### TASK TO COMPLETE
An exact repetition of the data is required; no picture should appear in it.

*** DATA TO EXAMINE Section Begins ***

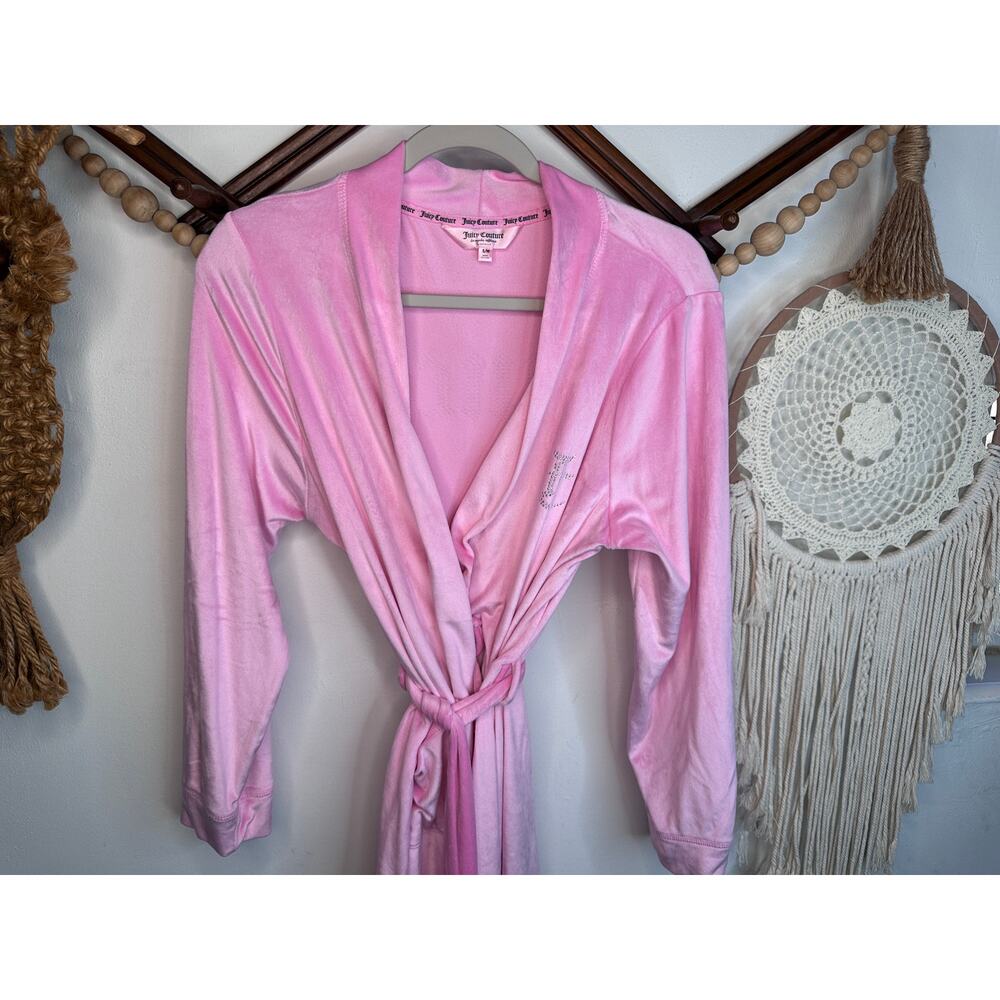 Juicy Couture Pink Velvet Velour Bling Robe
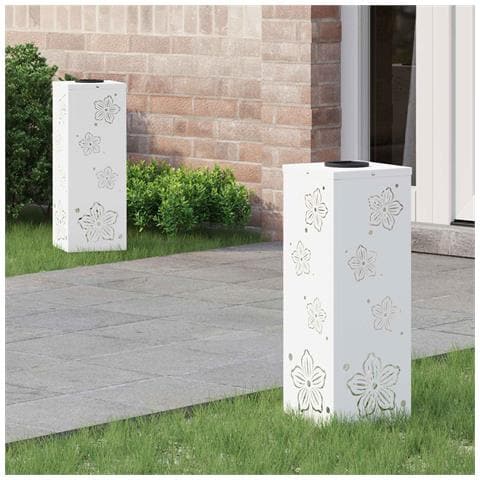 Faro LED solare per sentieri 2 pcs Bianco - Foto 2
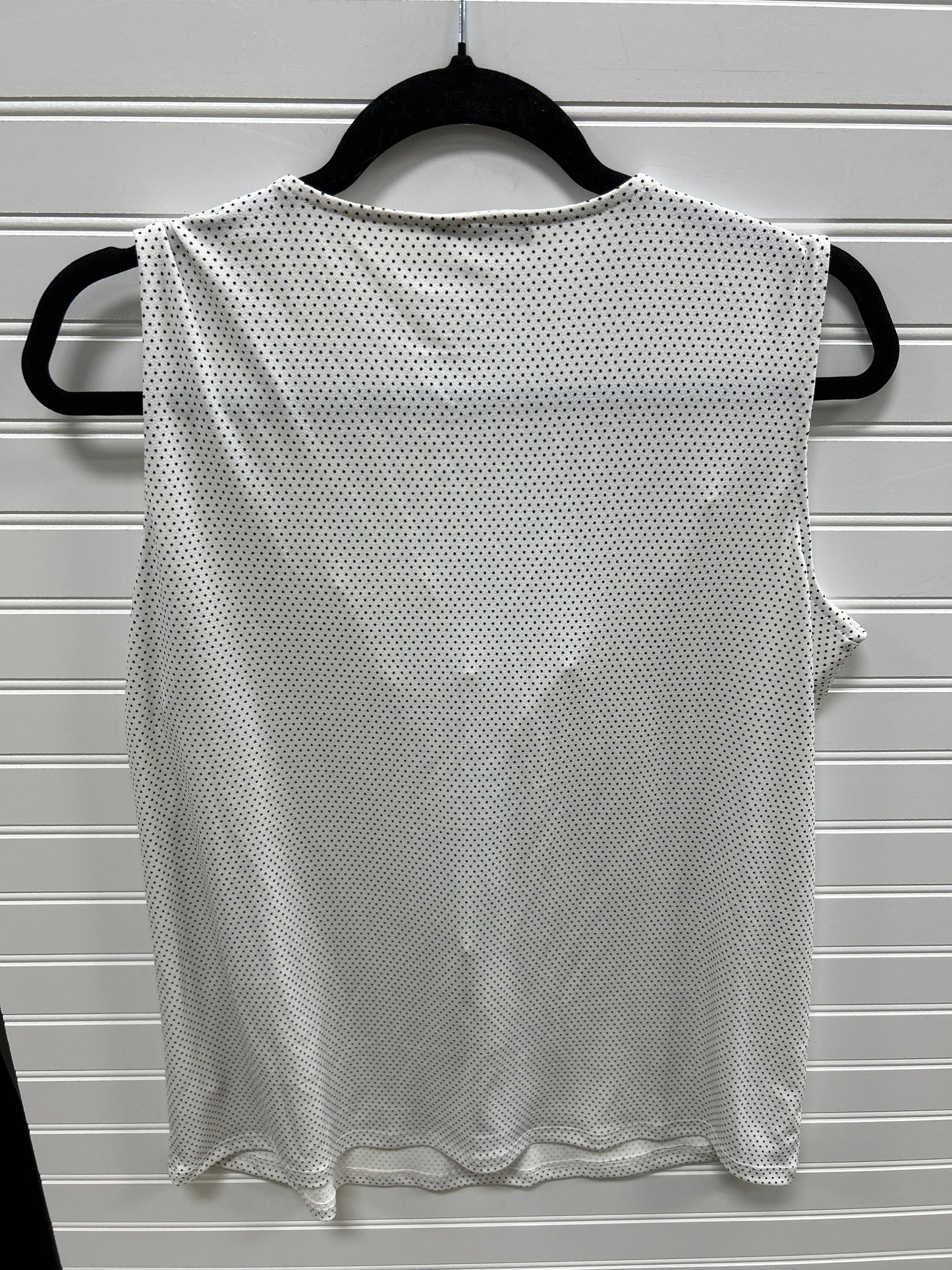 Top Sleeveless By Adrianna Papell In Cream, Size:M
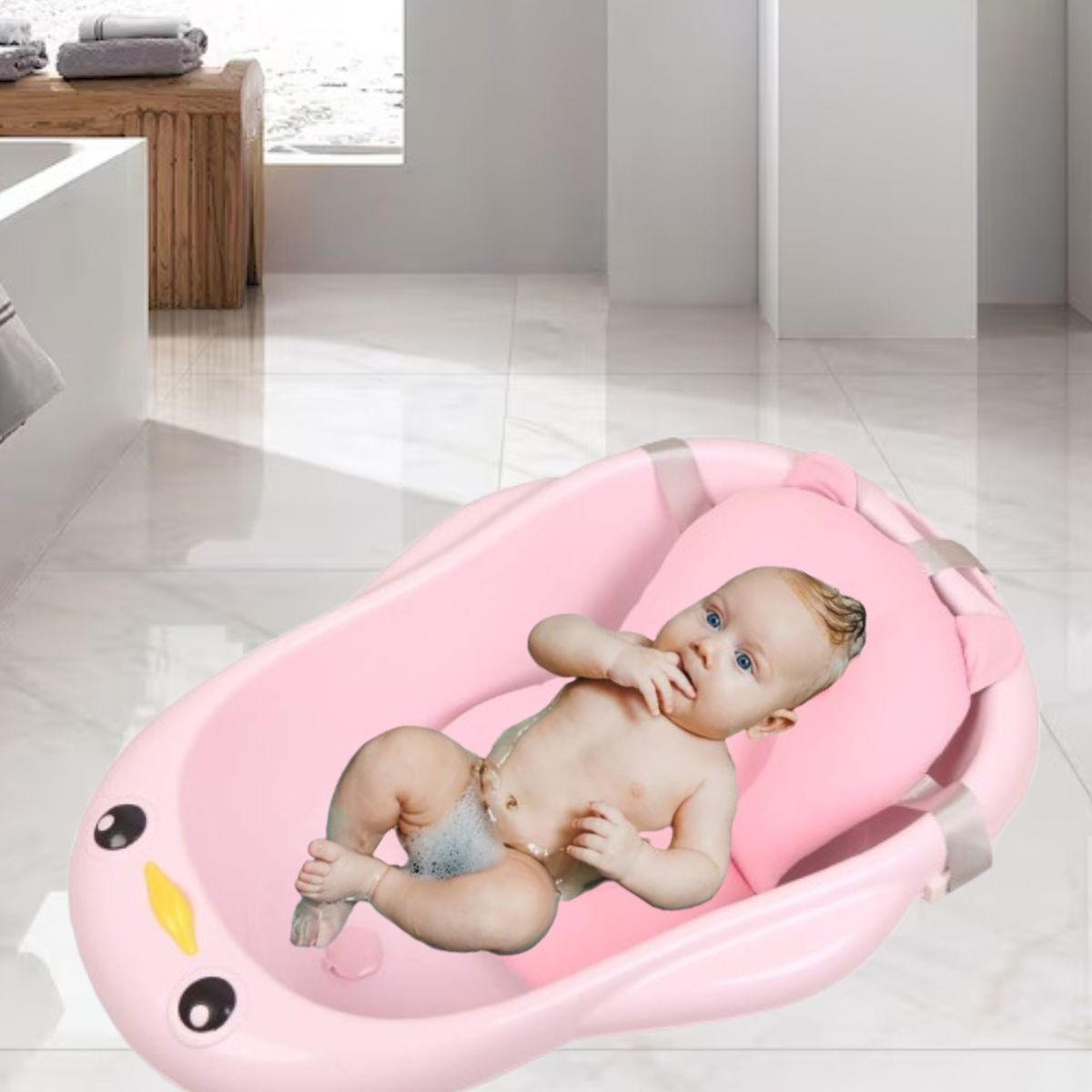 SET 2 ALMOHADILLA DE BAÑO FLOTANTE 0-6M ERGONOMICO BEBE LAU - 8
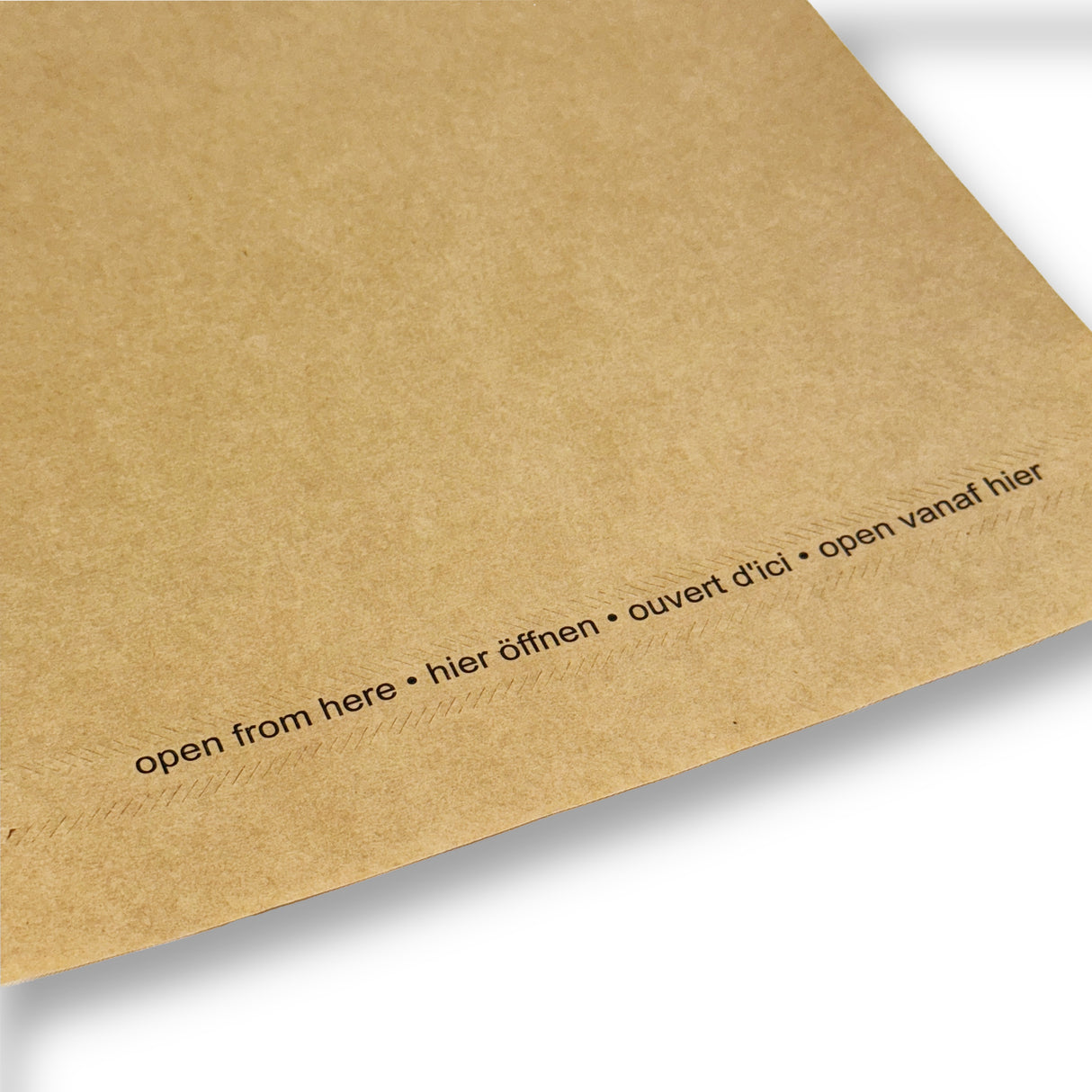 Papier Versandtasche ohne Falte 450 x 550 + 70 mm 70 g/m² (100 Stück)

*** DATA TO EXAMINE Section Ends ***

### WRITTEN ANSWER
 Juicy Couture Pink Velvet Velour Bling Robe
 Faro LED solare per sentieri 2 pcs Bianco - Foto 2
 Top Sleeveless By Adrianna Papell In Cream, Size:M
 SET 2 ALMOHADILLA DE BAÑO FLOTANTE 0-6M ERGONOMICO BEBE LAU - 8
 Papier Versandtasche ohne Falte 450 x 550 + 70 mm 70 g/m² (100 Stück)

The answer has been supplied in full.